About this task » Look below for the line containing "Christmas Treat Box" and the line containing "Fougère Perfume Zoologist"; repeat exactly those two lines and all lines between them, and nothing else.

Material supplied »
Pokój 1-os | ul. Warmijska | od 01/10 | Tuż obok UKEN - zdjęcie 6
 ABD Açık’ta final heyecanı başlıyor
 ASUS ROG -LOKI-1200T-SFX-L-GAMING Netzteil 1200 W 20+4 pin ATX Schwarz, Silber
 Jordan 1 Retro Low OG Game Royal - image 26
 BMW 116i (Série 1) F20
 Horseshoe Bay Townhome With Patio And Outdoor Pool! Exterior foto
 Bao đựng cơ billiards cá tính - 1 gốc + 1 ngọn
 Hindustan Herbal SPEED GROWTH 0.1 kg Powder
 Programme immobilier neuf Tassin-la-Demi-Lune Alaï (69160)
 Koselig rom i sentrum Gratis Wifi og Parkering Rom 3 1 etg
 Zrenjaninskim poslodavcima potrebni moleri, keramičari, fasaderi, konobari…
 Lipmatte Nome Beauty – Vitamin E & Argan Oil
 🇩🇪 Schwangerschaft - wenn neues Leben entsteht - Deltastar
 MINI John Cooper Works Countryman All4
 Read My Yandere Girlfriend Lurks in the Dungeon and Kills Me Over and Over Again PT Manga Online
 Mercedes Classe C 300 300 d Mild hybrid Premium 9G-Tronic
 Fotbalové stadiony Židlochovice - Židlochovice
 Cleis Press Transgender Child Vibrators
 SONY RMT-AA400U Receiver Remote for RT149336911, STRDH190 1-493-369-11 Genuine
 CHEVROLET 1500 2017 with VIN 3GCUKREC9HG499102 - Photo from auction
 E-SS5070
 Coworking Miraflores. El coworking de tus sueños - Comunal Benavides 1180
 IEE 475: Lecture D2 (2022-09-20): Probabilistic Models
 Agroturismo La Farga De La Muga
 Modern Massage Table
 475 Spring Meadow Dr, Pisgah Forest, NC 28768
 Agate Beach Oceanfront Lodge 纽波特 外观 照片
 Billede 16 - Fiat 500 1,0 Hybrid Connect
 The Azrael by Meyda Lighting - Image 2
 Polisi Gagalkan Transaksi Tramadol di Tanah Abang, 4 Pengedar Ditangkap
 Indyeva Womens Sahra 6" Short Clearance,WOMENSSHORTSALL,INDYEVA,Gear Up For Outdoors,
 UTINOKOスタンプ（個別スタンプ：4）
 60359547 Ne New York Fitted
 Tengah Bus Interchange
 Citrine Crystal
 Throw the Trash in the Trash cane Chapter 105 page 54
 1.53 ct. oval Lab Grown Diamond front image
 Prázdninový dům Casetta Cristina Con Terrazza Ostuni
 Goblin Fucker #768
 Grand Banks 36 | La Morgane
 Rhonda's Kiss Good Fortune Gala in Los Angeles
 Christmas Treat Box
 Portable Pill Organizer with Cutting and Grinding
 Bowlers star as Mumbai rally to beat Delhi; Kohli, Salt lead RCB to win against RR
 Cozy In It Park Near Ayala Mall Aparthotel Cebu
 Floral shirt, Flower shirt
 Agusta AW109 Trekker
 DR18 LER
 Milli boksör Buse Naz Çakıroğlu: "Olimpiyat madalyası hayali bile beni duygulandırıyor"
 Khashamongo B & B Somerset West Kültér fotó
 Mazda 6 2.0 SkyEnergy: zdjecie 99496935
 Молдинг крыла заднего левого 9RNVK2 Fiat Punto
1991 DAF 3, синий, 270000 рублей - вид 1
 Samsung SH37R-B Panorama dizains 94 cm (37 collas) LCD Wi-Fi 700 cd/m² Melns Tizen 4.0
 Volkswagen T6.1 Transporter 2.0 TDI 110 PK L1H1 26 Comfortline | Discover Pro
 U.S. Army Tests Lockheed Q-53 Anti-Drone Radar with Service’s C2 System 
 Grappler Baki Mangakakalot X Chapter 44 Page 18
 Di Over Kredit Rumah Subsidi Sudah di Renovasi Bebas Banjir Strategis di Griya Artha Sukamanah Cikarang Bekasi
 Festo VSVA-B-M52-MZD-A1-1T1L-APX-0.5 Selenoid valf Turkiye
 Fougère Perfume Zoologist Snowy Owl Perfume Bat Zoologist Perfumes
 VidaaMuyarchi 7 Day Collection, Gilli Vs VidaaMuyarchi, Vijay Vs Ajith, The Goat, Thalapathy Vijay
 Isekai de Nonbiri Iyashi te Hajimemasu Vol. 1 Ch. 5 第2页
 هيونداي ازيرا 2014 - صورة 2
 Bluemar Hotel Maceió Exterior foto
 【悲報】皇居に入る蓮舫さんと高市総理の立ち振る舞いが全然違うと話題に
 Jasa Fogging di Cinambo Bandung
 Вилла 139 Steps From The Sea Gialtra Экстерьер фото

Answer space »
 Christmas Treat Box
 Portable Pill Organizer with Cutting and Grinding
 Bowlers star as Mumbai rally to beat Delhi; Kohli, Salt lead RCB to win against RR
 Cozy In It Park Near Ayala Mall Aparthotel Cebu
 Floral shirt, Flower shirt
 Agusta AW109 Trekker
 DR18 LER
 Milli boksör Buse Naz Çakıroğlu: "Olimpiyat madalyası hayali bile beni duygulandırıyor"
 Khashamongo B & B Somerset West Kültér fotó
 Mazda 6 2.0 SkyEnergy: zdjecie 99496935
 Молдинг крыла заднего левого 9RNVK2 Fiat Punto
1991 DAF 3, синий, 270000 рублей - вид 1
 Samsung SH37R-B Panorama dizains 94 cm (37 collas) LCD Wi-Fi 700 cd/m² Melns Tizen 4.0
 Volkswagen T6.1 Transporter 2.0 TDI 110 PK L1H1 26 Comfortline | Discover Pro
 U.S. Army Tests Lockheed Q-53 Anti-Drone Radar with Service’s C2 System 
 Grappler Baki Mangakakalot X Chapter 44 Page 18
 Di Over Kredit Rumah Subsidi Sudah di Renovasi Bebas Banjir Strategis di Griya Artha Sukamanah Cikarang Bekasi
 Festo VSVA-B-M52-MZD-A1-1T1L-APX-0.5 Selenoid valf Turkiye
 Fougère Perfume Zoologist Snowy Owl Perfume Bat Zoologist Perfumes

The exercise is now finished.